エジプトの閣僚がゲリラ戦法提案

2009年4月25日

 エジプトの宗教関係問題担当大臣、ムハンマド・H・ザクズーク氏が奇抜なアイデアを提案した。この提案に敏感に反応したのは、ヨルダン・タイムズと、エルサレム・ポストだ。

 ヨルダン・タイムズはヨルダンに在住する、パレスチナ人スタッフがほとんどであり、エルサレム・ポストは述べるまでもなく、イスラエルで発行されている新聞だ。両紙のスタッフは、この提案の意味するところを、正確に把握したようだ。

 このムハンマド・H・ザクズーク氏が提案した内容は「エルサレムにムスリムは巡礼に行け、エルサレムは第三のイスラムの聖地だ。そこに沢山のムスリムが巡礼に行くことによって、世界はエルサレムがイスラム教徒のものであることが分かるしエルサレム問題、パレスチナ問題について、その重要性を認識するからだ。」ということだ。

 ここで、ひとつ説明しておかなければならないことは、イスラム教の上で、重要なエルサレムのモスクは、金色のモスク(コバト・ル・サフラ)ではなく黒い色のモスクなのだ。黒い地味なモスクが、宗教的に重要なアクサ・モスクであって、金色のほうではない。このアクサ・モスクの場所から、イスラム教の預言者ムハンマドが、昇天したことを記念して、ウマイヤ朝のワリード1世によって建てられたものだ

 アラファト議長とPLOは、あたかも聖地エルサレムのイスラム教の象徴が、この金色のモスクであるかのような印象付け、アクサ・モスクは放置されてきている。金色のほうが見栄えがよいからであろうが、アラファト議長とPLOは、宗教的には間違った認識を、世界中にばら撒いてきたことになるのではないか。
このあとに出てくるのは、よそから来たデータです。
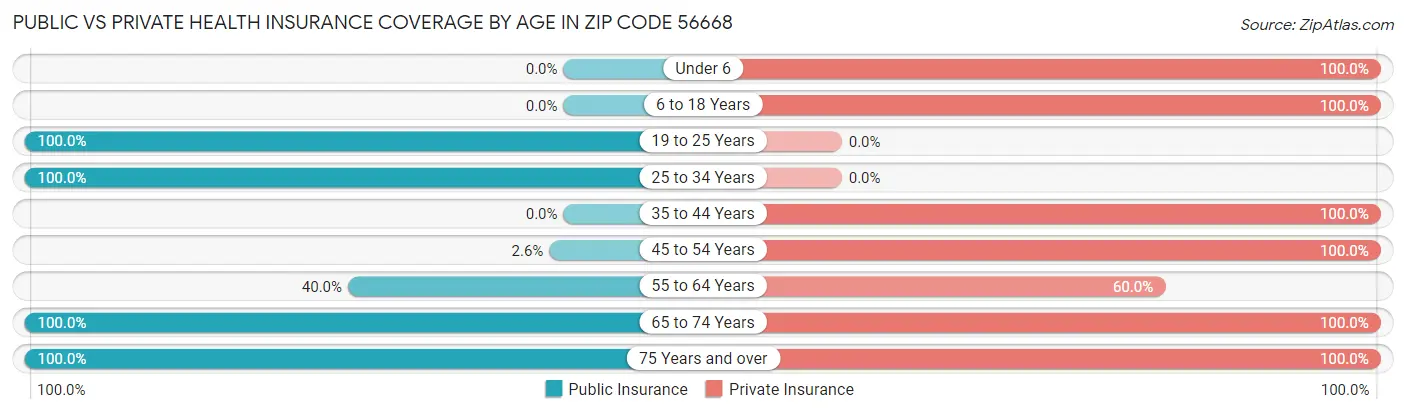 Public vs Private Health Insurance Coverage by Age in Zip Code 56668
エジプトの宗教関係問題担当大臣、ムハンマド・H・ザクズーク氏の提案したことは、実は平和的なゲリラ戦法なのだ。イスラム教にとってサウジアラビアのメッカやメジナに次ぐ、第三の聖地エルサレムへ多数のイスラム教徒が巡礼することを、イスラエル政府は止めることが出来ない。宗教の自由を犯すことになるからだ。

 しかし、多数のイスラム教徒のエルサレム巡礼を許可すれば、おのずからエルサレムがイスラム教徒にとって、どのような意味を持っているのかということが、世界中に知られることになる。

 同時に、そのことはイスラム教徒にとって、パレスチナ問題の重要性がどれだけ大きいか、ということを世界にアピールすることにもなるのだ。

 パレスチナ解放運動が、これまでエルサレムの解放を、世界のイスラム教徒に訴え、莫大な援助を引き出すことが出来てきたのは、こうした宗教的な理由からだ。

アラファト議長がエルサレムの解放を、パレスチナの解放と結びつけて訴えたのはこのためであり、世界のイスラム教徒はこれに呼応することが、宗教的義務になっているのだ。

しかし、現実にはアラファト議長のアピールも、後継者であるマハムード・アッバース議長の叫びも、何の効果ももたらさず、エルサレムのパレスチナ人居住区は、日に日にイスラエル側の侵食を許したままになっている。

ムハンマド・H・ザクズーク氏の平和的ゲリラ戦法に、世界のムスリムが呼応すれば、状況は激変するかもしれない。それは、エルサレムのパレスチナ人の経済状況改善にも役立とうし、イスラエルにとっても、観光収入が増すことになろう。

武装闘争だけが問題の解決ではないことを、同氏は訴えたのであろう。